The type of work you look for will depend on how flexible you can be around your main job and what family commitments you have to honour.
Here’s how to find that all-important opening.
If you have an idea for a small business project, this could be an ideal time to start it. You have the advantage of a steady income to pay your bills while you work to build up and develop your own business until one day you can be your own boss.
Finding a second job
Second jobs fall into three basic categories: part-time work, small business and freelance. If you opt for part-time work, what you do will depend on how close to your other workplace or to your home the opportunity is. Often, you can apply online for second jobs, although you’ll probably have to attend the actual business premises for an interview.
Depending on your skillset, there are some jobs that you can do from home – freelance writing, blogging and completing surveys are a few ideas. Tread carefully though as there are many scams out there waiting to trap the unwary. Always search for ‘reviews’ of online vacancies and incorporate the word ‘scam’ into your search to get a true picture of the job.
If you don’t have big family commitments, it may be possible to have a second part-time job during the evenings or at weekends. Again, the type of work you apply for will depend on your skillset. Perhaps you could work at a leisure club running evening fitness classes or waiting-on in a restaurant at weekends. If you have good academic qualifications, you might like to offer private tuition a few evenings a week in your specialist subject for students preparing for exams.
Job search engines
Begin your search by using a job search engine website. Try entering keywords like ‘work-from-home,’ ‘telecommute,’ ‘part-time,’ ‘evening’ or ‘freelance’ and the like. If you are looking for online work, you won’t need to search by location, but you will to make sure that the employer is happy for you to work remotely. Some freelance vacancies ask that you attend the company’s offices regularly, so you’ll need to factor this in when deciding what to apply for.
Job search engines allow you to enter multiple job search parameters including geographical location, salary, hours and type of industry. This makes it quick and easy to filter your search so that you home in on exactly what you want rather than having to spend ages sifting through lists of inappropriate vacancies.
If you’re looking for a part-time position in a restaurant, shop or hotel, good old-fashioned legwork can be effective. Run off copies of your basic CV and visit as many likely businesses as you can to ask if they have any suitable vacancies.
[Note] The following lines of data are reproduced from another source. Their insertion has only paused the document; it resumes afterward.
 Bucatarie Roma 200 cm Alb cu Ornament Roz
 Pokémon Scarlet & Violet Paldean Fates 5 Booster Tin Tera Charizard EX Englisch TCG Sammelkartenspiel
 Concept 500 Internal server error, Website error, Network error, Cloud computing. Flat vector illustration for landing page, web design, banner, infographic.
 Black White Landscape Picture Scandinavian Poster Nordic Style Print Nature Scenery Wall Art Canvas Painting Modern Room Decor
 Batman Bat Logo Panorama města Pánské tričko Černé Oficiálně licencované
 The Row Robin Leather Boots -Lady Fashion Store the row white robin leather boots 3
Make sure you’re upbeat and professional and only visit at quiet times when the hiring manager will have time to talk to you.
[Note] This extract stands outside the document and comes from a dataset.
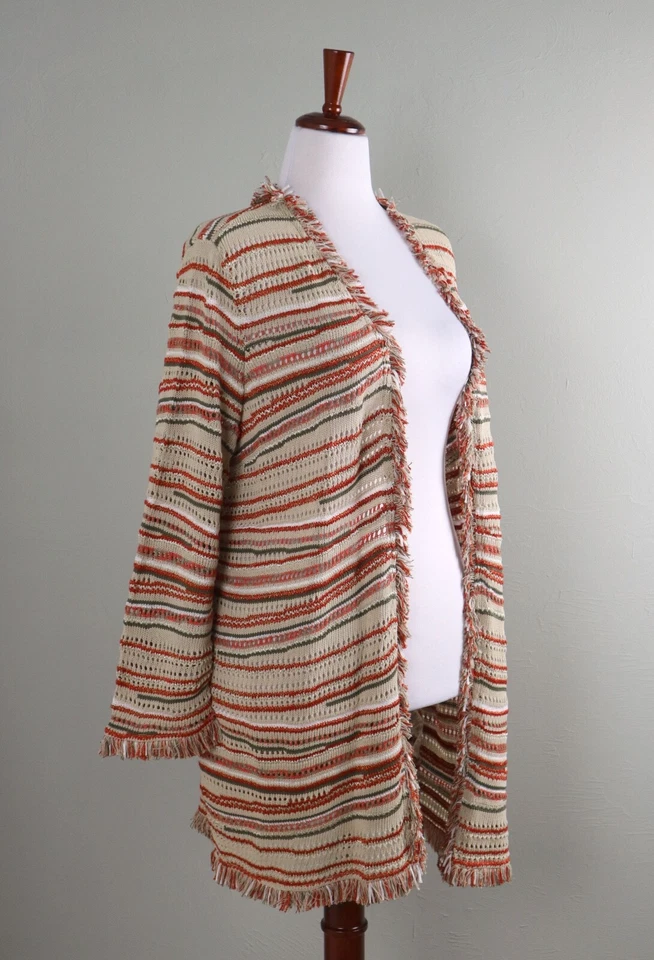 Cárdigan Suéter Top CHICO'S NUEVO CON ETIQUETAS $119 Texturizado Zig Zag Flecos Talla 2 Grande EE. UU. Foto 2 de 4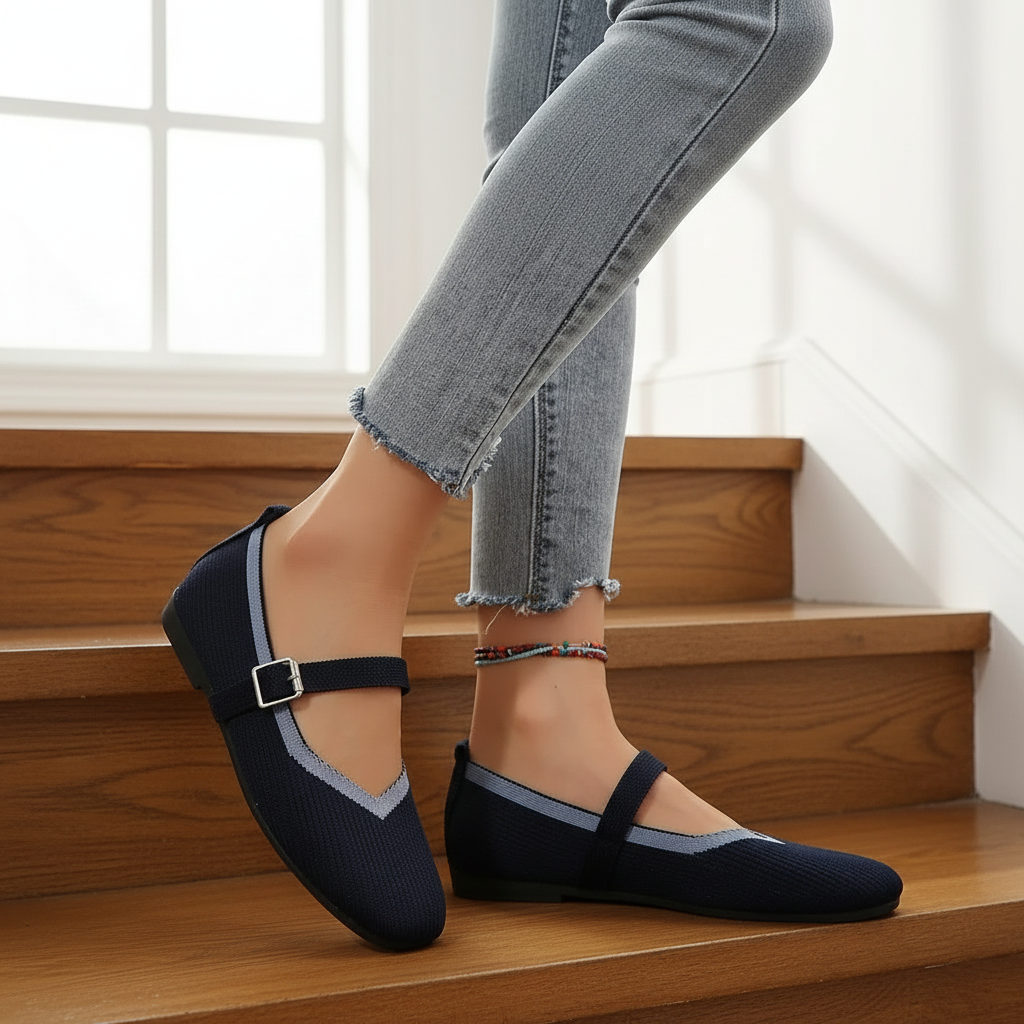 Mary Jane Flats Round Toe Mesh Slip-On Adjustable Buckle Color Contrast Shoes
Many small businesses prefer to hire part-time staff who come recommended by people they know. Ask friends, family and even neighbours if they know of anyone who might be looking for help, and don’t forget to use social networking sites, too.
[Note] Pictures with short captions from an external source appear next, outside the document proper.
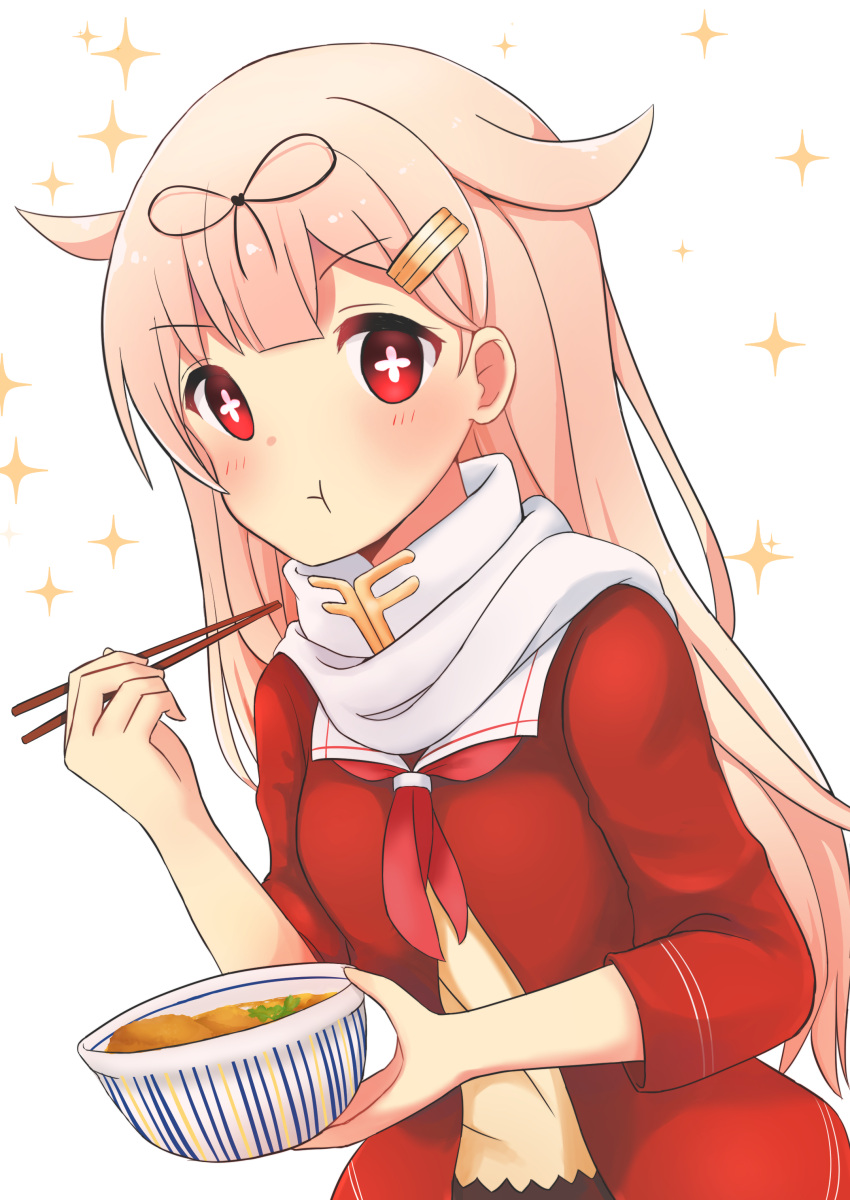 000_(jicasoe), 1girl, :t, absurdres, alternate_costume, bangs, blonde_hair, blunt_bangs, blush, chopsticks, closed_mouth, eating, eyebrows, eyebrows_visible_through_hair, food, food_bowl, hair_flaps, hair_ornament, hair_ribbon, hairclip, highres, holding_bowl, jacket, kantai_collection, long_hair, long_sleeves, looking_at_viewer, neckerchief, open_clothes, open_jacket, red_eyes, red_jacket, remodel_(kantai_collection), ribbon, scarf, solo, sparkle, symbol-shaped_pupils, tareme, upper_body, very_long_hair, white_scarf, yuudachi_(kantai_collection)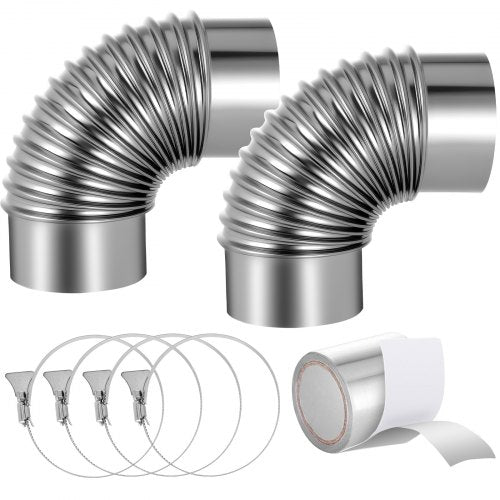 2 Pack Dryer Vent Elbow, 90 Degree Hose Connector Kit for 4 Inch Duct, Stainless Steel Vent Elbows with 4 Clamps and Aluminum Foil Tape, for HVAC Ducts, Pipes, and Ductworks at Tight Space
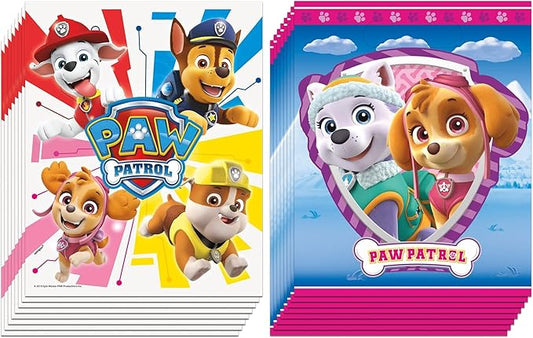 Unique Paw Patrol and Paw Patrol Girl Party Favor Bags 16 Goodie Bags with Celebrate With Me Sticker | Kids Birthday Party Supplies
If you have a skill that could be of use to local businesses, which allows you to work from home, try putting together a basic website and reaching out to firms that might be interested. Useful freelance skills include copywriting, proofreading, blogging, website design and digital marketing.
With a little thought and organization, it’s quite possible to have a second job. If you can work at something you enjoy, it can actually make the extra effort good fun as well as profitable.